We saw Mum twice this week.
Once for our weekly lunch, when I take her out for a good meal, then we go and do errands. She stays in the car now while I do the errands. This week she was distracted more than usual by the goings on in the world – murders, financial mayhem, etc, etc. Unusually this time I couldn’t get her past that to talk about her favourite show the Antique Roadshow or her grandchildren and great-grandchildren. Then she said that it was time for her to go and be with Dad (who’d died in 1981). She was quite calm and matter-of-fact. That fear of dying, of not being in control, that she’d clung on to for so long, had gone…

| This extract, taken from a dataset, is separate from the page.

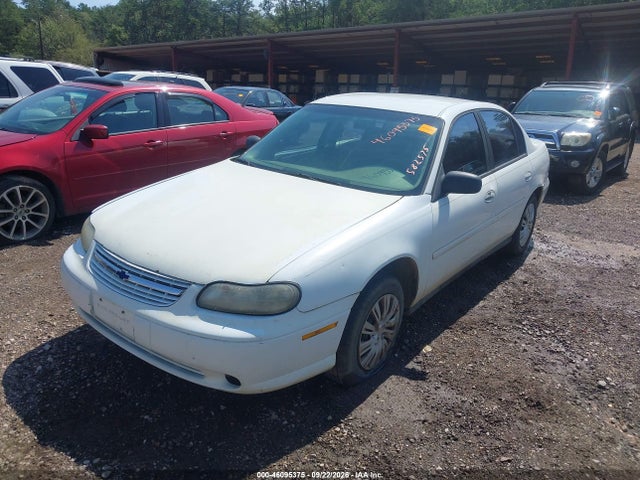 Aukcja sprzedaży 2004 Chevrolet Classic, vin: 1G1ND52FX4M582575, numer aukcji: 46095375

I looked at her, that tired, lined face and that awful wig which had hidden her lovely hair for many years. Yet there was a wisdom there, a way of being with the earth when she let herself. Sadness gripped my belly as I realised how much I would miss that.
I was happy that she’d got to a peaceful place about dying, but now I needed to let her go, so she could go in peace.

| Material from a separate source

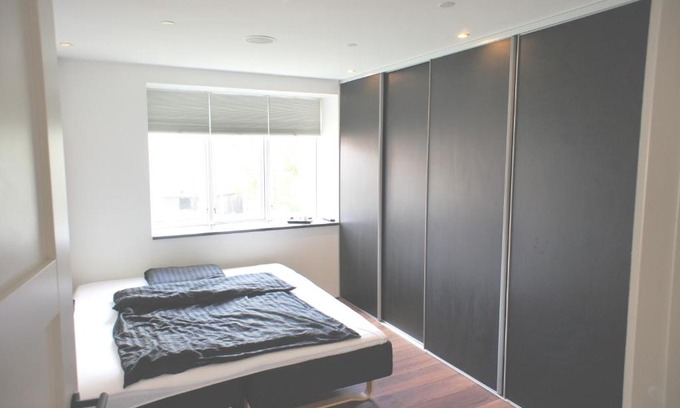 Esbjerg Apartment | Vesterhavsgade (ID 159)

The next day, obeying an instinct that had come to me the previous week that this would be Mum’s last week here, I asked Jeanette and Christopher, Blaine, Tom and Thea, to have afternoon tea with Mum. So the day after our lunch I picked her up from her place again and took her to one of her favourite coffee shops. She got herself together and acted brightly, although I sensed the effort this took as I sat by her. Our family, this precious group of people that Rob and I began and that now has its own very special way of being, gave Mum what she sought. Respect, love and a sense of place and purpose. She could see herself in Thea, that brightness. And she could see Dad in Tom, that caring and solidness. She was happy that she would be leaving that legacy. Thanks heavens she’s got past thinking that all she’ll leave behind is the money!
When I hugged Mum after I’d taken her back home…yes, it’s time to let her go, so that she can go in peace.